Reviewed by Alfonso Barata

Capital Nights is a new contemporary dance festival that showcases companies from previous European capitals of culture; it is presented and organised by MDI (Merseyside Dance Initiative).

During four days, Liverpool becomes the European capital of dance, showcasing companies from cities such as Dublin, Amsterdam, Genova and Liverpool. There are also seminars and talks.

For dance lovers, this is a fantastic opportunity to enjoy the best of European contemporary dance.

Thursday’s night comprised of a triple bill including companies hailing from Amsterdam, Dublin and a Bristol-based solo performer.

The event started with a 16 minute piece by Québec dancer LaÏla Diallo (above), The Wayside; this is a solo performance that explores the subject of departure, the piece fails to engage and inspire; without any other visual aid and with background music used sparingly, Diallo becomes the centre of a piece that for all its shortness becomes too long. Rather than using this as a chance to display an accomplished technique and passion, by insisting in sticking to a more abstract and poetic angle, the piece falls flat.

Next it’s the Dublin trio from the Rex Levitates Dance Company who presented the piece Shared Material on Dying.

I must confess that both the name of the company and the title of this performance spring to mind one word: pretentiousness.

But of course, for the sake of writing an objective review, I leave my preconceptions behind and try to concentrate on what happens on stage, which is not much really.

Three women, dressed identically, dancing in complete silence, with very slow movements first that then gradually gather momentum.

By mirroring their movements, the three dancers become one. Whilst two of the dancers remain in the shadow, it is the one in the middle who gets the full attention and who seemingly leads the way.

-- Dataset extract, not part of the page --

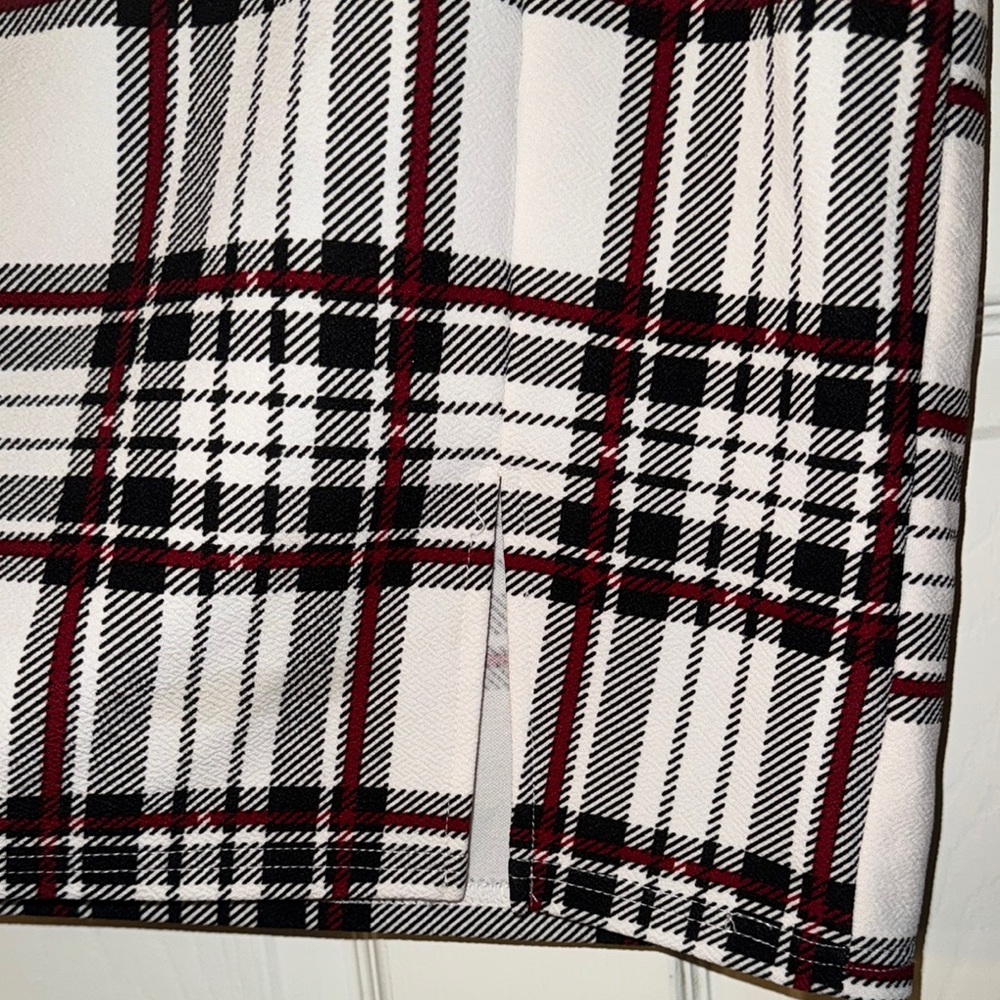WOMENS PLAID RED AND WHITE STRETCH MINI SKIRT (1XL) - Picture 9 of 10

By depraving the piece of any background music, we feel compelled to completely focus our attention on the dancers, who do their best to fill the void by producing what it is at times a fine performance.

The evening finished with a more ambitious piece presented by the Dutch company Anouk van Dijk dc.

Created originally for the Russian company Provincial Dances Theatre, Am I Out?, this is a very dynamic piece that explores Russian society in the times following the fall of the Soviet Union.

Music and performers blend perfectly here; four characters, two male and two female, present us a highly physical performance, that sees dancers producing original and finely delivered movements.

Visually interesting and engaging, Am I Out? is no exempt of sense of humour that gives the piece an extra interest.
This last company really showed a quality that is not far from what you would expect from a festival presenting the finest contemporary dance across the continent.